Но Вовка шёл молча. Он твёрдо решил терпеть до конца. <…>

Кругом гремела музыка, смеялись.

Я спросил:

– Скоро кончится?

– Потерпи, – сказал Вовка, – наверное, скоро…

Если в рассказе Драгунского “Ровно 25 кило” все мучения Дениски сводятся к необходимости в один присест выпить полулитровую бутылку сладкой газированной воды:

Я говорю:

– Я сейчас лопну.

Мишка говорит:

– А как же я не лопнул? Я ведь тоже думал, что лопну. Давай поднажми.

– Мишка. Если. Я лопну. Ты. Будешь. Отвечать.

Он говорит:

– Хорошо. Пей давай.

И я опять стал пить. И всё выпил. Просто чудеса какие-то! Только я говорить не мог. Потому что вода перелилась уже выше горла и булькала во рту. И понемножку выливалась из носа[28]28
  Драгунский В. “Рыцари” и ещё 60 историй: собрание Денискиных рассказов. С. 131.


[Закрыть]
, —

то в “Премии” герои проходят через настоящую, а не шуточную инициацию:

Я полз на четвереньках. А Вовка сидел на моей спине. Правда, Вовка мне помогал – по полу перебирал ногами. Но всё равно мне было нелегко.

К тому же я ничего не видел. Я был в лошадиной маске. Я ничего совершенно не видел, хотя в маске и были дырки для глаз. Но они были где-то на лбу. Я полз в темноте. Натыкался на чьи-то ноги. Раза два налетал на колонну. Да что и говорить! Иногда я встряхивал головой, тогда маска съезжала, и я видел свет. Но на какой-то миг. А потом снова сплошная темень. Ведь не мог я всё время трясти головой!

Я хоть на миг видел свет. Зато Вовка совсем ничего не видел. И всё меня спрашивал, что впереди. И просил ползти осторожнее. Я и так полз осторожно. Сам-то я ничего не видел. Откуда я мог знать, что там впереди! Кто-то ногой наступил мне на руку.

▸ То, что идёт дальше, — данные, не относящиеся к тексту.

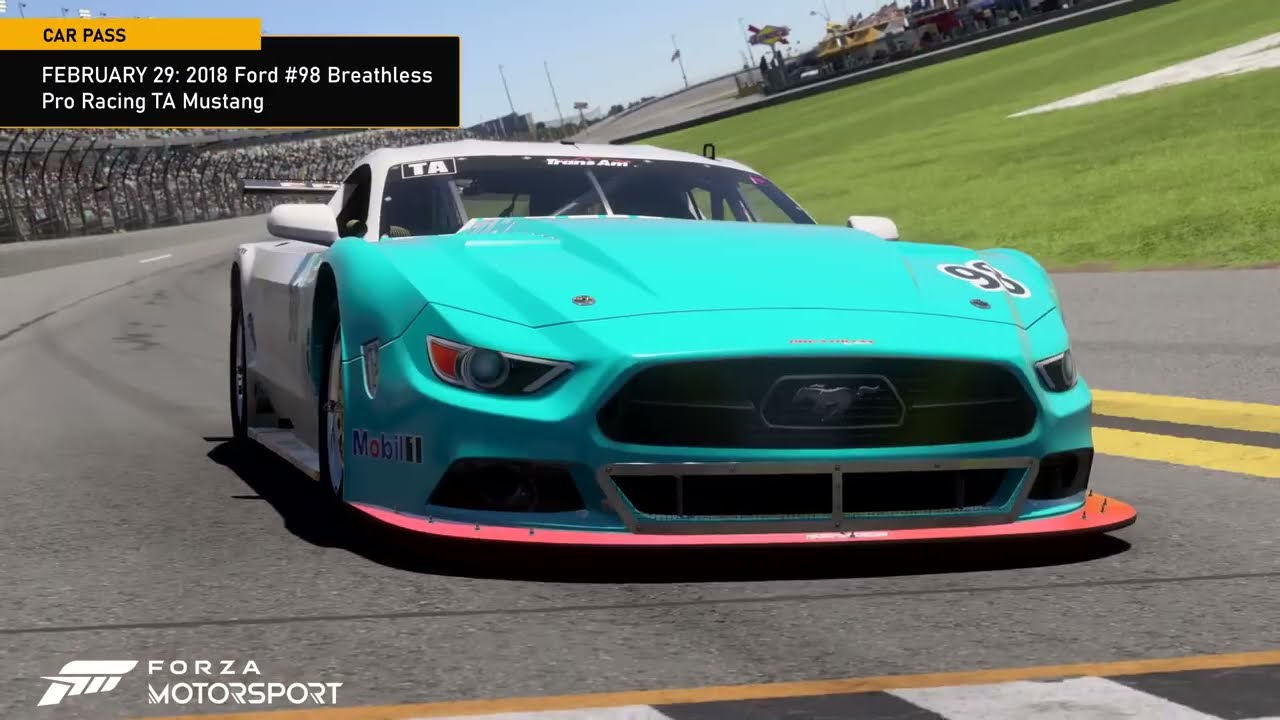 Forza Motorsport   Update 5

Если в рассказе “Ровно 25 кило” конфликт между ровесниками Дениской и Мишкой сводится к смешной настойчивости Мишки, который хочет, чтобы Дениска непременно допил бутылку ситро (“Хорошо. Пей давай”), то в “Премии” даже маленькое возрастное неравенство между героями приводит к тому, что старшему достаётся завидная роль всадника, а младшему – незавидная роль лошади (ситуация, как отметил в разговоре с нами Михаил Безродный, предсказывающая соответствующий эпизод рассказа Искандера “Мученики сцены”, о котором речь у нас пойдёт далее)[29]29
  Сравните в “Премии”: “Я сказал Вовке:
  – Хватит. Слезай.
  Вовке, наверное, понравилось ездить, и он не хотел слезать. Говорил, что ещё рано. Но всё же он слез, взял меня за уздечку, и я пополз дальше”, – и в “Мучениках сцены”: “Когда мы ушли за кулисы, зрители продолжали бить в ладоши, и мы снова вышли на сцену, и Жора Куркулия снова попытался сесть на нас верхом, но тут мы уже не дались”.


[Закрыть]
. И эта ситуация описывается как безысходная:

Я буду лошадью, а Вовка рыцарем. Только плохо, что он должен ездить на мне, а не я на нём. И всё потому, что я чуть младше. Видите, что получается! Но ничего не поделаешь.

Главное же средство, которое позволяет взрослому читателю воспринять рассказ “Премия” не как комическую сценку, а как трагикомическую притчу – это вполне отчётливая для него отсылка к основополагающему для мировой культуры и философии зачину седьмой книги трактата Платона “Государство”. Напомним фрагмент этого зачина, представляющий собой реплику Сократа в диалоге с братом Платона Главконом:

…посмотри-ка: ведь люди как бы находятся в подземном жилище наподобие пещеры, где во всю её длину тянется широкий просвет. С малых лет у них там на ногах и на шее оковы, так что людям не двинуться с места, и видят они только то, что у них прямо перед глазами, ибо повернуть голову они не могут из-за этих оков[30]30
  Платон. Государство. Книга седьмая / Пер. А. Егунова // Платон. Собрание сочинений: в 4 т. Т. 3. М., 1994. С. 295.


[Закрыть]
.

Легко заметить, что Петя, который время от времени встряхивает головой, и тогда маска, закрывающая от мальчика свет, съезжает с его глаз, может быть уподоблен жителю платоновской тёмной пещеры, наблюдающему мир через “широкий просвет”. А Вовка обрёк себя на пребывание в ещё более страшной ситуации – он вынужден целиком полагаться на спутника: “Я хоть на миг видел свет. Зато Вовка совсем ничего не видел. И всё меня спрашивал, что впереди”. Ну, а в целом, параллель с платоновским мифом о пещере провоцирует читателя увидеть в рассказе Виктора Голявкина аллегорию мучительного пути в метафизической тьме, на ощупь, к поставленной цели, причём в процессе пути эта цель утрачивает бо́льшую часть своей привлекательности.